This is the country that we plan to build a tourist business in; where we will give nature lovers, those who wish to experience different cultures and cuisines, where we will give them the wonderful experience that Ethiopia is, while working to eliminate the more aggressive, greedy pursuit of tourists. Our plan is to build up the tourism infrastructure in the Woldiya region by both writing up the sights and sites so that people know what they're looking at, what the human and/or geological history is what they're looking at; as well as training communities in how to welcome tourists into their village so to speak so that they have self-respect as they peform their cultural rituals such as the coffee ceremony. With this arranged provision of services will also come the opportunity to purchase cultural arts and crafts from a local outlet rather than from the crowd of artists and vendors hoping to score a sale from this or that hapless tourist.

As you can see, Ethiopia is calling me back, because white guys like me with 3 decades of experience in all things western, business, etc. are needed there to build their emerging economy. So I went to Ethiopia knowing that I needed to experience and understand what was there in order to build the kind of business that would be good for Ethiopia and good for us white guys who wanted to contribute meaningfully somewhere. I mean, in my case for example, who wants to keep on producing shelfware (reports that get shelved) no matter how much you get paid to write it. I'd rather go and work with teams of Ethiopian developers who've been trained but don't have much experience, and help them set up their governments computer systems.
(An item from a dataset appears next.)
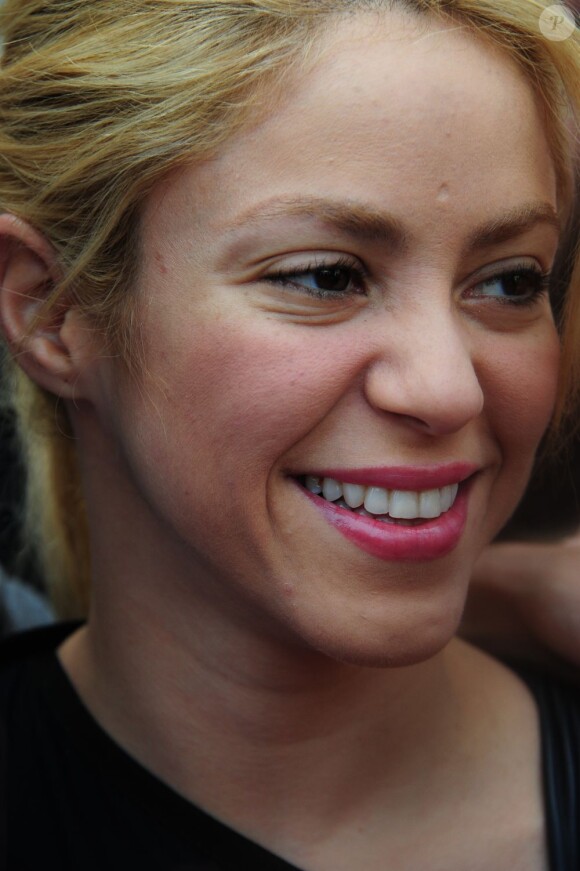 Shakira et son amoureux Gerard Pique sortent du Ritz le 15 juin 2011 à Paris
The founder of Alchemy World Projects, http://alchemyworld.org/, told me that in his estimation 85% of people in Ethiopia, all hard-working people, work either in subsistence agriculture or subsistence trading. We will work together (One Village Foundation Canada and Alchemy World Projects) to train local people in internet, English and business so that they can become 21st century entrepreneurs. If I can add a recent discovery of interest, Canada in the original aboriginal language meant "Big Village" and our hotels, touring business and web development businesses are all going operate under variations of One Village Ethiopia. The genius of our Hotel and Tour approach is to ensure that tourists always feel like they're being welcomed into a new village, their new home for a day or two. For we all despite our differences are part of our one global village! :)
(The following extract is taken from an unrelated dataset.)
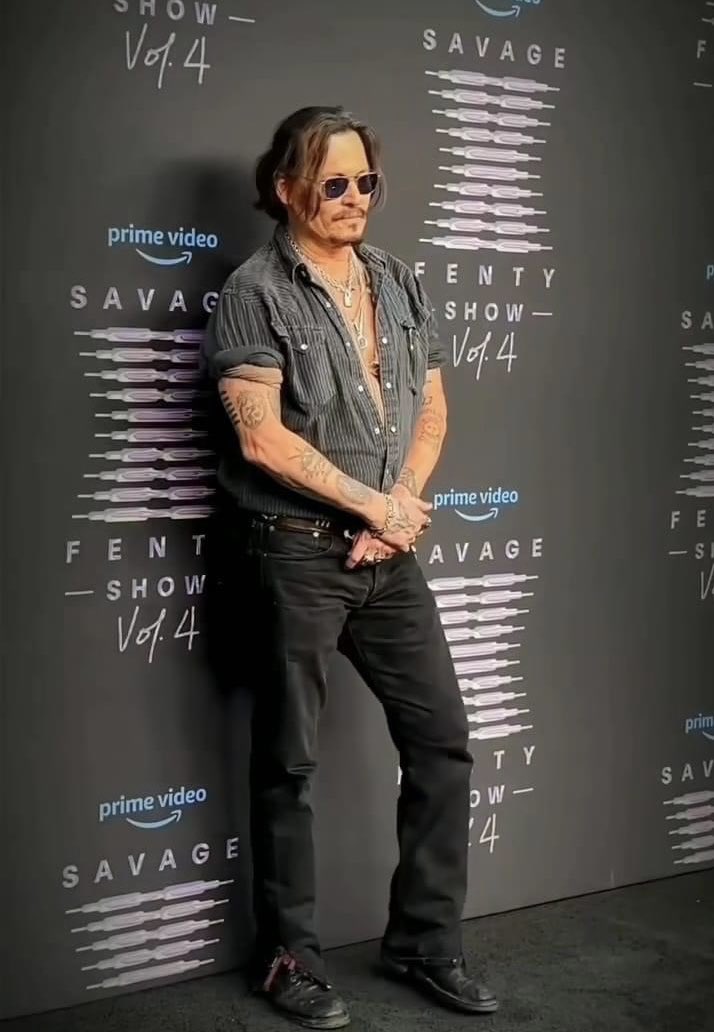 amanda_kenyon20's tweet photo. Just keeps getting better with age❣️ 
🖤❤️‍🔥🔥😍🫣  #JohnnyDepp #JohnnyDepplsALegend 
#JohnnyDeppIsARockStar 
#JohnnyDeppRises #JohnnyDeppKeepsWinning  #JohnnyDeppInFenty #IStandWithJohnnyDepp https://t.co/jCiAZRF5sQ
But I digress from my main theme of how everything is always changing and yet some things are always the same. I now have many Canadian and Ethiopian irons in the business fire, and more and more of my waking hours is consumed with the many activities required to keep things heating up on all fronts. Yet, I continue to experience the synchronicities of apparent happenstance which opens this door, pauses this effort, moves my focus here for a bit, and so everything is getting done, but in a flow, rather than by a well-organized project plan. As it says in Proverbs, and I requote colloquially, "Man proposes but God disposes" or even better, if you want to make God laugh, tell him about your plans!! :o))

So what remains the same is a certain uncertainty as to what is next, and yet the certainty that meaningful and significant events will continue to occur with transformative impacts on myself and those around me; what never remains the same is "the plan" what in fact exactly is going to get done!! It's really quite entertaining if one can maintain a certain level of detachment as one continues on towards the goal, whatever that goal might be. Returning to my former teacher again, it is so Guru and disciple for the teacher to tell their disciple to do so and so, not so much because they want it done,but because of the impact of trying to do so on the disciple!! :)

For those on the path, whose life is being guided, turn upside down, and transformed, may you be swift to see and slow to fear; for those are still stuck in the traces, still caught in the rat traps and chains of work with the pitiful inducements of more comfort, more stuff, more prestige keeping you there; well, may you have the grace to wake up some day soon!! :o))

your brother Daniel

Thursday, October 15, 2009

Blog Action Day 2009 - Climate Change has to be Addressed NOW

As my readers know, I'm just back from Ethiopia. As much as I love Ethiopia, and for that matter, Ghana, China and India, I found the same pressing problem in each of these countries, and that is air pollution. These countries are often blanketed with a permanent haze, and being on the streets is dangerous to your health because of the diesel and other fumes that choke the roadways. People are of course dying, some slowly, some quickly as a result of this unchecked air pollution. However, we are also changing our planet, changing it in ways that will render it uninhabitable for humans.

Now it's not that I'm worried about Gaia, the name many call her when thinking of our planet as alive, as an organism, as goddess; Gaia has not always been habitable by us, and is not likely to always be habitable by us. No, the problem is what we're doing to our own environment and to that of our children and our grand-children.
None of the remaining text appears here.